Exercise description: Write the data out again exactly, with no pictures.

Dataset extract:
********************

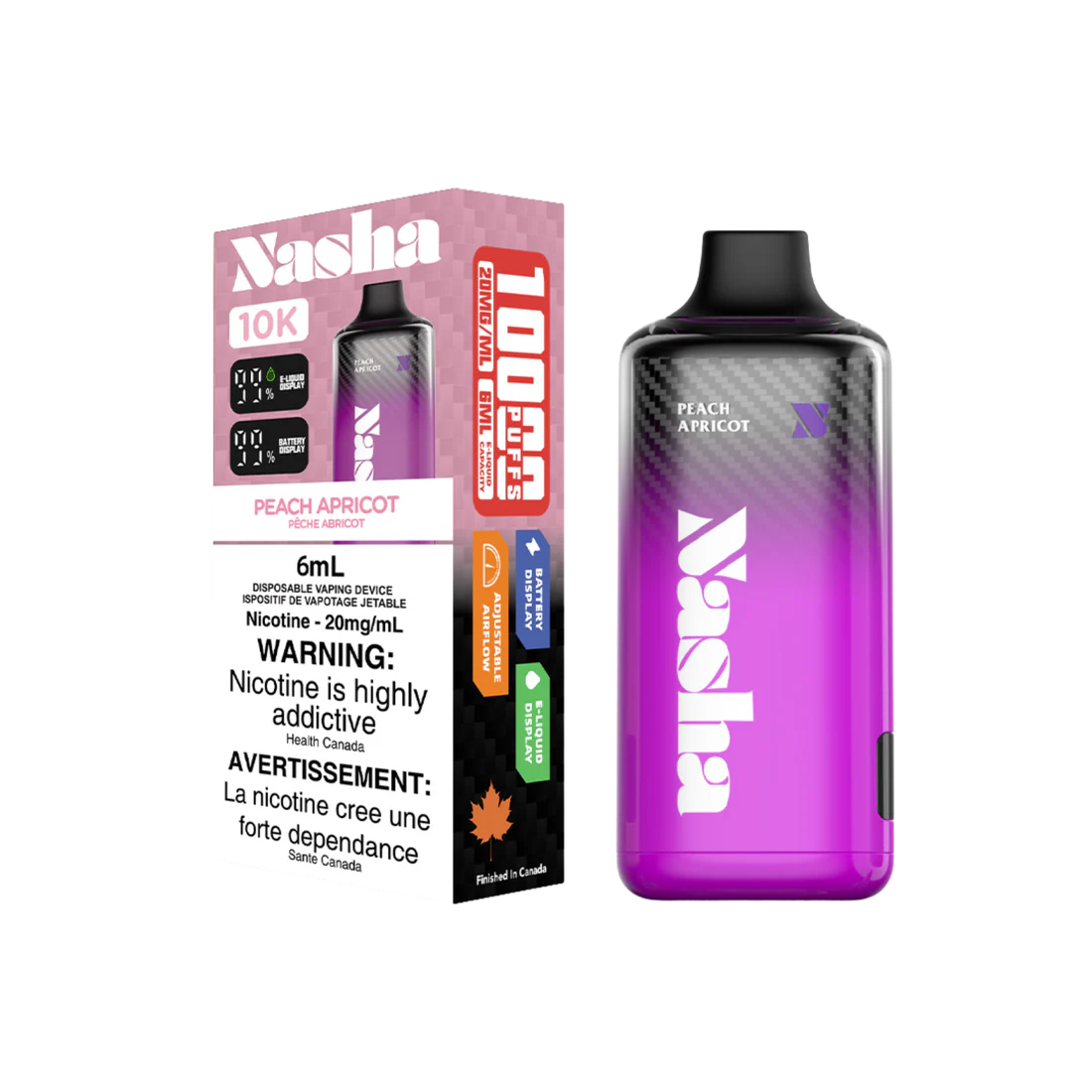 NASHA 10K PUFFS (EXCISE AB)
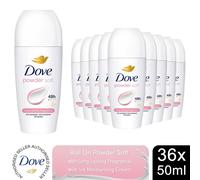 Dove Powder Soft Roll On Anti-Perspirant w/ 48H Long Lasting Fragrance 50ml,36pk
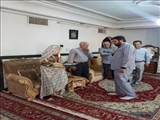 دیدار بخشدار مرکزی شهرستان پاکدشت با خانواده شهید قرچه لو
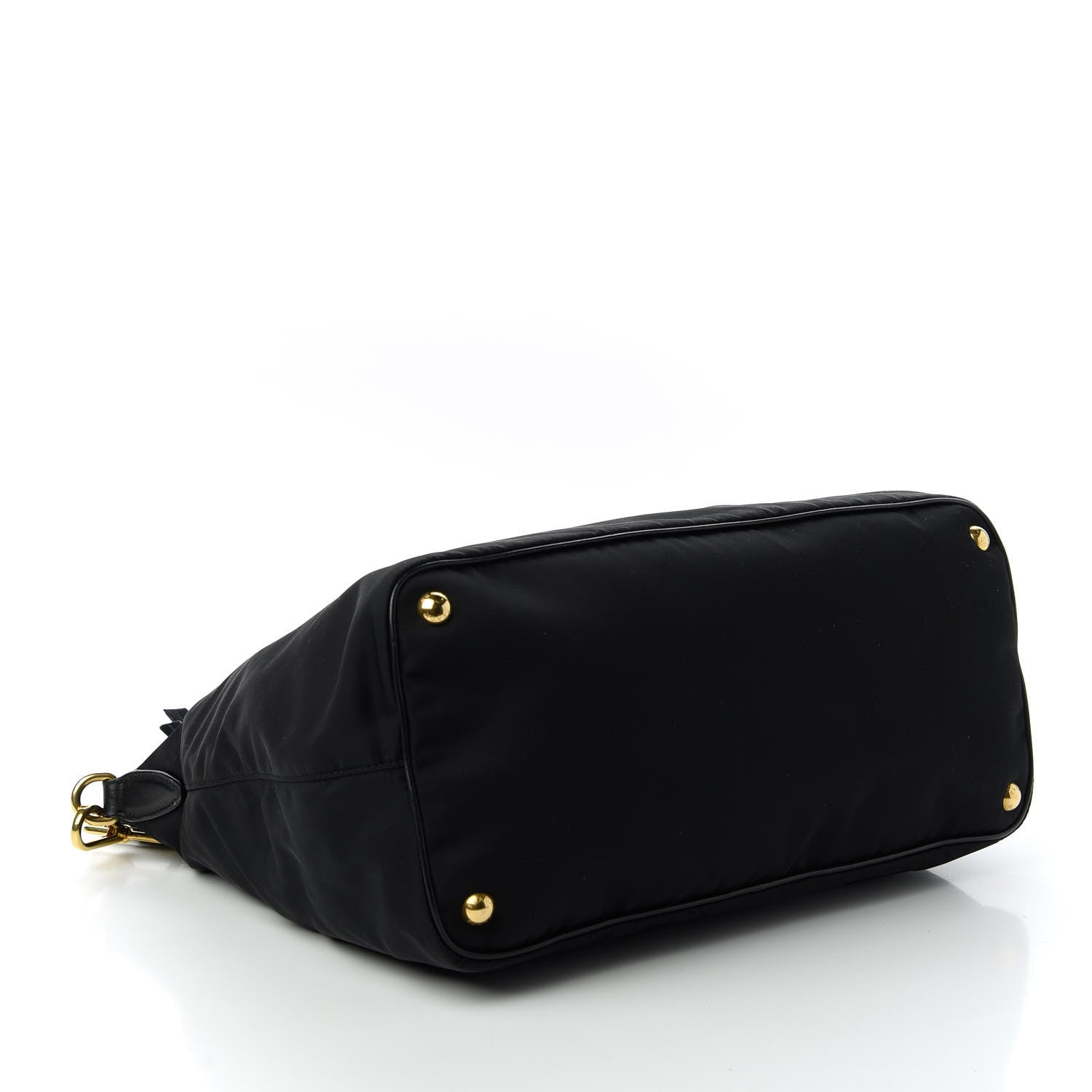 Prada Tessuto Nylon Soft Calf Tote Black 4 of 10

********************

Answer below:
 NASHA 10K PUFFS (EXCISE AB)
 Dove Powder Soft Roll On Anti-Perspirant w/ 48H Long Lasting Fragrance 50ml,36pk
 دیدار بخشدار مرکزی شهرستان پاکدشت با خانواده شهید قرچه لو
 Prada Tessuto Nylon Soft Calf Tote Black 4 of 10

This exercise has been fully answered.